Killed By Police In 2014: How Many Died At Police Hands This Year? Many More Than You’re Being Told

The number of people killed by police in 2013, according to FBI statistics was 461 — but that number is far lower than the actual total of fatalities caused by police shootings, beatings, and other deadly actions, according to an independent database that compiles news accounts of officer-involved killing from around the nation.

In fact, the number of people killed by police from just May of 2013, when the site began compiling data, to the end of the year was at least 748 — a number that does not include police killings in the first four months of the year, and may not include all people killed by police because it is possible not every news account of a police killing reached the database.

While the FBI has not released the number of police killings in 2014 so far, the database puts the number of people killed by police as of December 10 this year at a staggering 1,029 — three people killed by police every day, on average — with three weeks remaining on the calendar.

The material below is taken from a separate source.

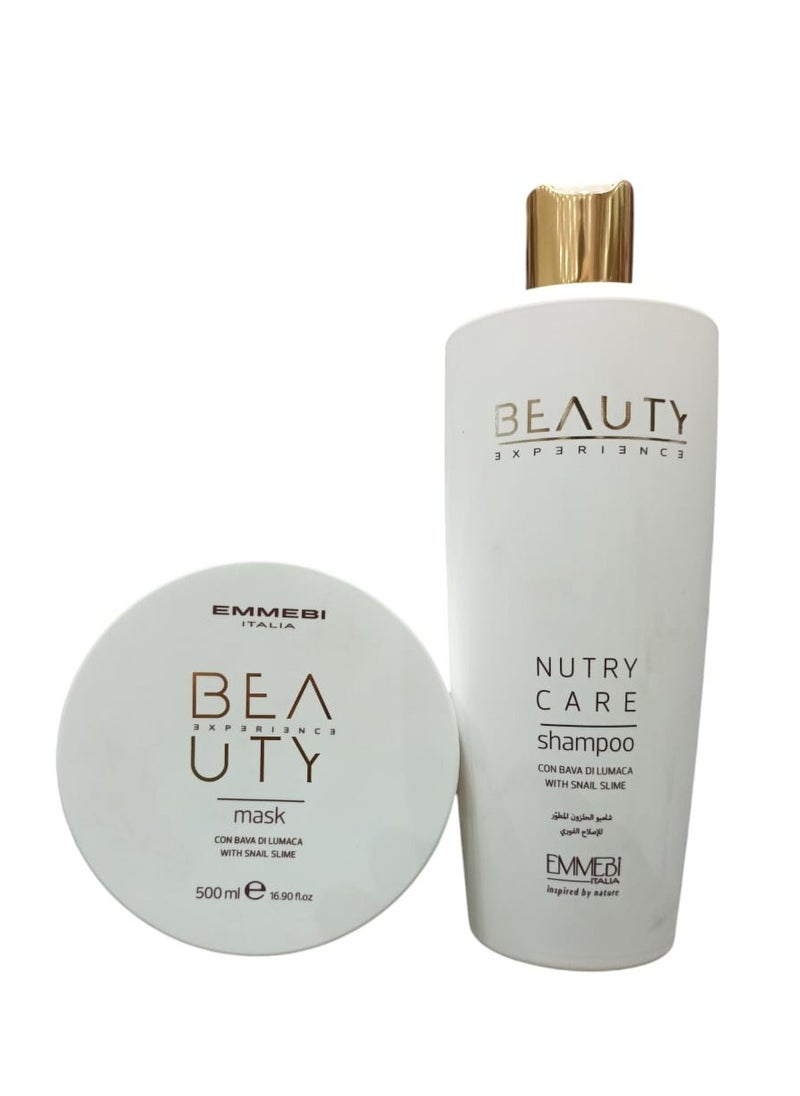 EMMEBI ITALIA Shampoo 500 ml and Mask 500 ml Snail Repair Damaged Hair That is Very Dry  Weak and Stressed  - Image 1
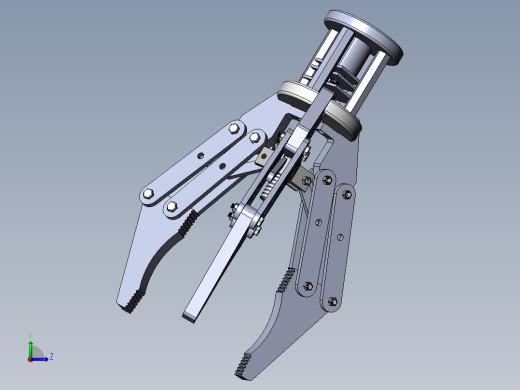 Solidworks三抓机械设备爪夹持器机械爪三维模型左视缩略图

That means the stunning total would not include, for example, the killing of 18-year-old Antonio Martin in Berkeley, Missouri, on December 23, or the December 26 killing of a still-unidentified man in Texas City, Texas, early in the morning of December 26.

The Killed By Police database does not make a distinction between the reasons for police killings — that is, whether the victims were armed, unarmed, in the process of committing a crime or not — or the racial and ethnic backgrounds of the victims. The data is simply a raw aggregation of all police killings reported in the media and collected by the database.

Why the drastic disparity between official FBI statistics on police killings and the numbers compiled by the database? The reason is simple — no official statistics exist. No law requires police departments nationwide to keep statistics on the the number of people killed by their officers, and for those that do keep stats, reporting the numbers to the FBI is purely voluntary.

New York City, to cite one prominent example, does not report police killing statistics to the FBI. That means the July 17 chokehold killing of 43-year-old Eric Garner would not be included in the 2014 FBI totals, when those numbers are finally released.

The Inquistr has reported on many of these police killings, including the killings of the individuals depicted in the photo, above.

Ezell Ford, 25, a “mentally challenged” Los Angeles man shot in August by police as he reportedly lay on the ground, unarmed.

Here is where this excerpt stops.